Copy nothing from the entries below except the lines from the one containing "When no one" through the one containing "A hot tub with", and copy those exactly.

══ LISTED ENTRIES ══

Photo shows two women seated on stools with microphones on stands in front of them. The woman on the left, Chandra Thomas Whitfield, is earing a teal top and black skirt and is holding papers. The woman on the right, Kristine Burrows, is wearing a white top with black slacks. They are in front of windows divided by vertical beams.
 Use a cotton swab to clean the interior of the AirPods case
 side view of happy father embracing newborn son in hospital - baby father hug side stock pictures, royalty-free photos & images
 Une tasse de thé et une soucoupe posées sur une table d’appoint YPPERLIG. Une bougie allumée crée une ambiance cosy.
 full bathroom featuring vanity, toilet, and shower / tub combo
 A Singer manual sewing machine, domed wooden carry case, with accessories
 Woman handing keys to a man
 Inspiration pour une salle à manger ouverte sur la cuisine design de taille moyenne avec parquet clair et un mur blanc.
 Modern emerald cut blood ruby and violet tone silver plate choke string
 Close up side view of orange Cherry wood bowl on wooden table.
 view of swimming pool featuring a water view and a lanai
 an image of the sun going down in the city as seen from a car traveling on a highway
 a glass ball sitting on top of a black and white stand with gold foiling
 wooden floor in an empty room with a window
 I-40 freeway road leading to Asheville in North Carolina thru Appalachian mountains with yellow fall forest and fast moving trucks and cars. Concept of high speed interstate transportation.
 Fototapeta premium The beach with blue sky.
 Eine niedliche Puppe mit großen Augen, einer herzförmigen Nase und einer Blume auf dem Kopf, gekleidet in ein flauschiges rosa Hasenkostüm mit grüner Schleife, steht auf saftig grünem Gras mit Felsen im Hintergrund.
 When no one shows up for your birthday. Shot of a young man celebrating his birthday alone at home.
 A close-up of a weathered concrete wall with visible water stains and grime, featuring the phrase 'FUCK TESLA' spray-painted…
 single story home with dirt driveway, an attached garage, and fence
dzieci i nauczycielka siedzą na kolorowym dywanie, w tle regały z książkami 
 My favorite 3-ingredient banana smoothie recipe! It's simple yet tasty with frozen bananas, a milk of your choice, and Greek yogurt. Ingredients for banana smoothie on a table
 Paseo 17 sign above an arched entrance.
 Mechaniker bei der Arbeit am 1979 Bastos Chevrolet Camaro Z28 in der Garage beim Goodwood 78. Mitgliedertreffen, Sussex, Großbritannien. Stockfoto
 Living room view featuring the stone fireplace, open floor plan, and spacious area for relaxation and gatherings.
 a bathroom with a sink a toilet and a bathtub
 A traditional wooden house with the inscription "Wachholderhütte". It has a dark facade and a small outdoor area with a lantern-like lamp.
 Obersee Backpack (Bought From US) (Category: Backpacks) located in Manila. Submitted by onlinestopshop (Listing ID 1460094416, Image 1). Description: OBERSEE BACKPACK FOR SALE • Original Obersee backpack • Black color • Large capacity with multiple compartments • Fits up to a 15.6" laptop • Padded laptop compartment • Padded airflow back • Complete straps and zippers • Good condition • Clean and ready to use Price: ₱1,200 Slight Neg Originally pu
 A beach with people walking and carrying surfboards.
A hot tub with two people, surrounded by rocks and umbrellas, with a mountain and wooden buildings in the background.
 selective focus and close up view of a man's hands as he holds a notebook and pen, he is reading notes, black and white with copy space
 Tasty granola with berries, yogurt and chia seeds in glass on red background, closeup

═══

- **OUTPUT OF THE EXERCISE**
 When no one shows up for your birthday. Shot of a young man celebrating his birthday alone at home.
 A close-up of a weathered concrete wall with visible water stains and grime, featuring the phrase 'FUCK TESLA' spray-painted…
 single story home with dirt driveway, an attached garage, and fence
dzieci i nauczycielka siedzą na kolorowym dywanie, w tle regały z książkami 
 My favorite 3-ingredient banana smoothie recipe! It's simple yet tasty with frozen bananas, a milk of your choice, and Greek yogurt. Ingredients for banana smoothie on a table
 Paseo 17 sign above an arched entrance.
 Mechaniker bei der Arbeit am 1979 Bastos Chevrolet Camaro Z28 in der Garage beim Goodwood 78. Mitgliedertreffen, Sussex, Großbritannien. Stockfoto
 Living room view featuring the stone fireplace, open floor plan, and spacious area for relaxation and gatherings.
 a bathroom with a sink a toilet and a bathtub
 A traditional wooden house with the inscription "Wachholderhütte". It has a dark facade and a small outdoor area with a lantern-like lamp.
 Obersee Backpack (Bought From US) (Category: Backpacks) located in Manila. Submitted by onlinestopshop (Listing ID 1460094416, Image 1). Description: OBERSEE BACKPACK FOR SALE • Original Obersee backpack • Black color • Large capacity with multiple compartments • Fits up to a 15.6" laptop • Padded laptop compartment • Padded airflow back • Complete straps and zippers • Good condition • Clean and ready to use Price: ₱1,200 Slight Neg Originally pu
 A beach with people walking and carrying surfboards.
A hot tub with two people, surrounded by rocks and umbrellas, with a mountain and wooden buildings in the background.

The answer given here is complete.